* TASK DESCRIPTION
Give an exact copy of every entry.

Dataset excerpts
○ ○ ○ ○ ○ ○ ○
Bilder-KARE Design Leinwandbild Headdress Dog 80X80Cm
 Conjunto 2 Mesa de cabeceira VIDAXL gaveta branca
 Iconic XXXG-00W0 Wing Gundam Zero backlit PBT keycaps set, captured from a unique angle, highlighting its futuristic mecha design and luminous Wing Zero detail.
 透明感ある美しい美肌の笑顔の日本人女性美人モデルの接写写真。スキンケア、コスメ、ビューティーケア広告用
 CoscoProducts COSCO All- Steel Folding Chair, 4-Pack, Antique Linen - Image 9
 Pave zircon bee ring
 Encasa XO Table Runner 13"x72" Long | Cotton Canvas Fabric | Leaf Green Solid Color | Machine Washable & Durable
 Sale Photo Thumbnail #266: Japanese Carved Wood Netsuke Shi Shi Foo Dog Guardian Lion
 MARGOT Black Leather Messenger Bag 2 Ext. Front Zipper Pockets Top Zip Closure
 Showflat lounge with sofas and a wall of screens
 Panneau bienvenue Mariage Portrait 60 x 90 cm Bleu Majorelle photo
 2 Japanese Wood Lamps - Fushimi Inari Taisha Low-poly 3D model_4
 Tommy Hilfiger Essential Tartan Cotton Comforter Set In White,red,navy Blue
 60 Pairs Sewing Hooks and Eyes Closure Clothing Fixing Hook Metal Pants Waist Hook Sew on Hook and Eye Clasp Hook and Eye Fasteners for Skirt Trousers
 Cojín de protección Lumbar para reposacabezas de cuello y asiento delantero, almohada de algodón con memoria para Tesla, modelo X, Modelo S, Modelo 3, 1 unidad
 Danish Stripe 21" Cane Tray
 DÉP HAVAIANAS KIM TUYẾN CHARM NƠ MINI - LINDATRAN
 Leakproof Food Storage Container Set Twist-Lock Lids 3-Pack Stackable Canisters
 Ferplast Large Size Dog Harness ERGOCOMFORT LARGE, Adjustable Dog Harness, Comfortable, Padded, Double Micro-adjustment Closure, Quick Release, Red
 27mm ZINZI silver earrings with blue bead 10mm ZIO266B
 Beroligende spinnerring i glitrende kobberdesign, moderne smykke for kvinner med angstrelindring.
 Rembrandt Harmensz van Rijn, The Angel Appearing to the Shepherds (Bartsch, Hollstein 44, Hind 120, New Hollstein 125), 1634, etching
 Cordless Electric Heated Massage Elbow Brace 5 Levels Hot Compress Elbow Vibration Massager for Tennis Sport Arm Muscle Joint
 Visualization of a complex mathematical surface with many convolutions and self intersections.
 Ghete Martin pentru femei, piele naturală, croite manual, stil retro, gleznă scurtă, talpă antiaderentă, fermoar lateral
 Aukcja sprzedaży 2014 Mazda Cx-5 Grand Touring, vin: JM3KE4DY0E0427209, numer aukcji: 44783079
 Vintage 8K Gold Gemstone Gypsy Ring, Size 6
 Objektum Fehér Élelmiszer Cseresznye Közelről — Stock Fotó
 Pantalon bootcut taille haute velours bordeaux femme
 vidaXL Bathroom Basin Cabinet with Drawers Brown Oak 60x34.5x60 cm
○ ○ ○ ○ ○ ○ ○
* EXPECTED ANSWER
Bilder-KARE Design Leinwandbild Headdress Dog 80X80Cm
 Conjunto 2 Mesa de cabeceira VIDAXL gaveta branca
 Iconic XXXG-00W0 Wing Gundam Zero backlit PBT keycaps set, captured from a unique angle, highlighting its futuristic mecha design and luminous Wing Zero detail.
 透明感ある美しい美肌の笑顔の日本人女性美人モデルの接写写真。スキンケア、コスメ、ビューティーケア広告用
 CoscoProducts COSCO All- Steel Folding Chair, 4-Pack, Antique Linen - Image 9
 Pave zircon bee ring
 Encasa XO Table Runner 13"x72" Long | Cotton Canvas Fabric | Leaf Green Solid Color | Machine Washable & Durable
 Sale Photo Thumbnail #266: Japanese Carved Wood Netsuke Shi Shi Foo Dog Guardian Lion
 MARGOT Black Leather Messenger Bag 2 Ext. Front Zipper Pockets Top Zip Closure
 Showflat lounge with sofas and a wall of screens
 Panneau bienvenue Mariage Portrait 60 x 90 cm Bleu Majorelle photo
 2 Japanese Wood Lamps - Fushimi Inari Taisha Low-poly 3D model_4
 Tommy Hilfiger Essential Tartan Cotton Comforter Set In White,red,navy Blue
 60 Pairs Sewing Hooks and Eyes Closure Clothing Fixing Hook Metal Pants Waist Hook Sew on Hook and Eye Clasp Hook and Eye Fasteners for Skirt Trousers
 Cojín de protección Lumbar para reposacabezas de cuello y asiento delantero, almohada de algodón con memoria para Tesla, modelo X, Modelo S, Modelo 3, 1 unidad
 Danish Stripe 21" Cane Tray
 DÉP HAVAIANAS KIM TUYẾN CHARM NƠ MINI - LINDATRAN
 Leakproof Food Storage Container Set Twist-Lock Lids 3-Pack Stackable Canisters
 Ferplast Large Size Dog Harness ERGOCOMFORT LARGE, Adjustable Dog Harness, Comfortable, Padded, Double Micro-adjustment Closure, Quick Release, Red
 27mm ZINZI silver earrings with blue bead 10mm ZIO266B
 Beroligende spinnerring i glitrende kobberdesign, moderne smykke for kvinner med angstrelindring.
 Rembrandt Harmensz van Rijn, The Angel Appearing to the Shepherds (Bartsch, Hollstein 44, Hind 120, New Hollstein 125), 1634, etching
 Cordless Electric Heated Massage Elbow Brace 5 Levels Hot Compress Elbow Vibration Massager for Tennis Sport Arm Muscle Joint
 Visualization of a complex mathematical surface with many convolutions and self intersections.
 Ghete Martin pentru femei, piele naturală, croite manual, stil retro, gleznă scurtă, talpă antiaderentă, fermoar lateral
 Aukcja sprzedaży 2014 Mazda Cx-5 Grand Touring, vin: JM3KE4DY0E0427209, numer aukcji: 44783079
 Vintage 8K Gold Gemstone Gypsy Ring, Size 6
 Objektum Fehér Élelmiszer Cseresznye Közelről — Stock Fotó
 Pantalon bootcut taille haute velours bordeaux femme
 vidaXL Bathroom Basin Cabinet with Drawers Brown Oak 60x34.5x60 cm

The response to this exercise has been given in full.